Araki U.S. Pat. No. 5,223,536 pertains to a method of perforating a printed circuit board with a pair of perforating devices. The distance between the two perforating devices is adjusted to be equal to the actual distance of two patterns on the panel, which is detected by an image processing device. Then the two perforating devices perforate the printed circuit board at the same time. Thus, this patent is completely irrelevant to the present inventive concept.
Alzmann et al. U.S. Pat. No. 4,829,375 is directed to a method and apparatus for automatically punching tooling slots or holes into a panel. The apparatus employs a vision system to locate two fiducial marks on the panel, wherein the vision system defines references for the fiducial targets and preset reference. A positioning system moves the panel to position the fiducial marks on the panel directly in relationship to the preset references. After the positioning operation, tooling slots or holes are punched on the panel. Thus, this patent has nothing in common with the present invention.
Zachman et al. U.S. Pat. No. 5,111,406 discloses a method that engages a fixture on a multi-layered panel. The fixture is carefully prepared with fixture holes that correspond to the locations of the fiducial pads on layers of the panels. The patented apparatus uses x-rays to capture at the same time, coordinates of the measured locations of the fiducial pads on a multi-layered panel and coordinates of the ideal locations of the fixture holes. These coordinates from a sample of panels are then analyzed by a “Best Fit algorithm”.
The offsets are fitted to produce a single offset value that may be sent to a drilling machine to determine a position for drilled holes in the panel. Thus, unlike the present invention, this patent mainly discusses the method and apparatus used to determine the fitted offsets that are added to each of the ideal drill coordinates. In addition, it is not known as to how the “Best Fit algorithm” actually works, and in any case ha nothing in common with the present invention.

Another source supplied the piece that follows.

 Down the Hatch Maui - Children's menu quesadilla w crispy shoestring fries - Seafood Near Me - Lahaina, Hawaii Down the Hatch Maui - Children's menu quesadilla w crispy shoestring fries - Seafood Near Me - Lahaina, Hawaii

Hale et al. U.S. Pat. No. 4,123,695 is directed to a method using a vision system to automatically position the drill bit to a desired location; therefore, is completely irreverent to the present invention.
Wilent et al U.S. Pat. No. 4,790,694 discloses a method and apparatus intended to determine locations of three fiducial marks on a multi-layered printed circuit board prior to drilling. The patent employs the best least square fit to minimize any misaligning between four target areas on the board and the precisely located target holes on a template. After optimization, three fiducial marks are punched along one edge of the board. These three fiducial marks are then used to position the board in a drilling apparatus.

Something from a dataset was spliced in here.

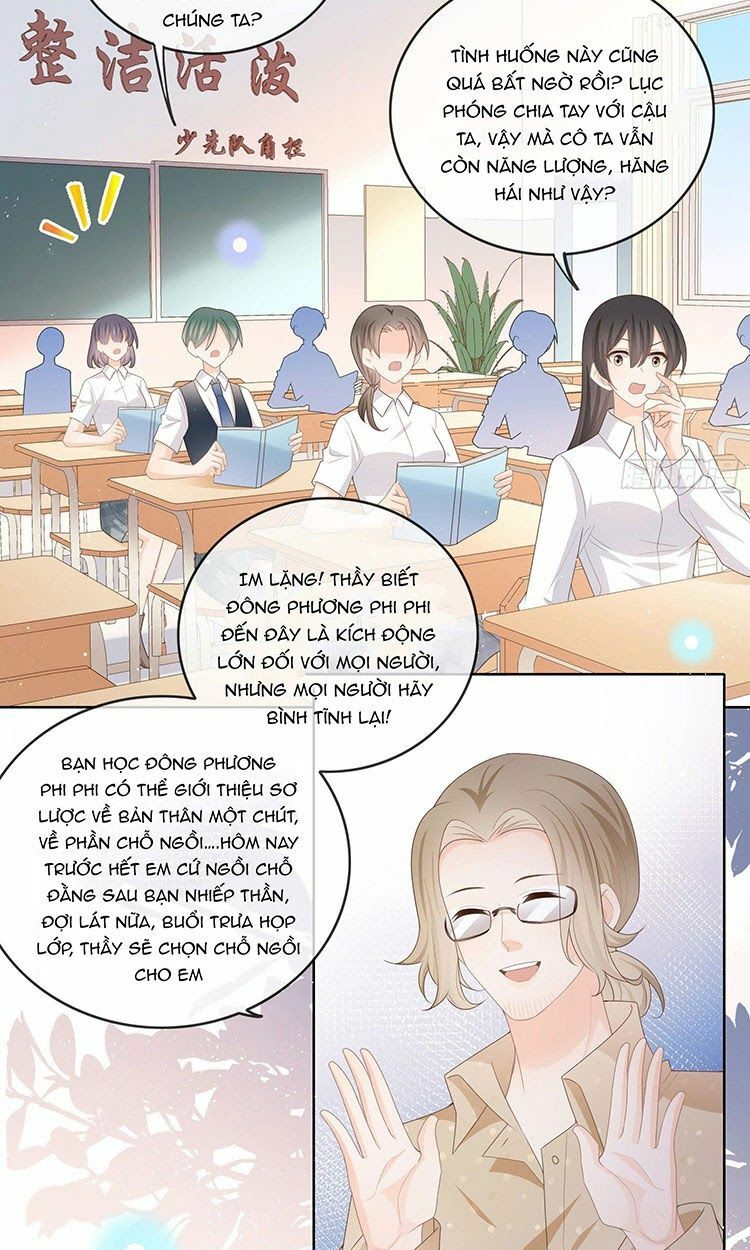 ảnh hậu cũng không bằng niệm thanh hoa chapter 64 21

Japanese Patent JP 3136708 discloses a method of employing an image pickup device to obtain the coordinates of register marks at several positions in a work piece, then boring process will be adapted to geometrical distortions of the workpiece.
Finally, European Patent EPO 669792 is primarily a European version of U.S. Pat. No. 5,529,441 to Kosmowski et al., and the comments directed thereto are equally applicable to the European patent.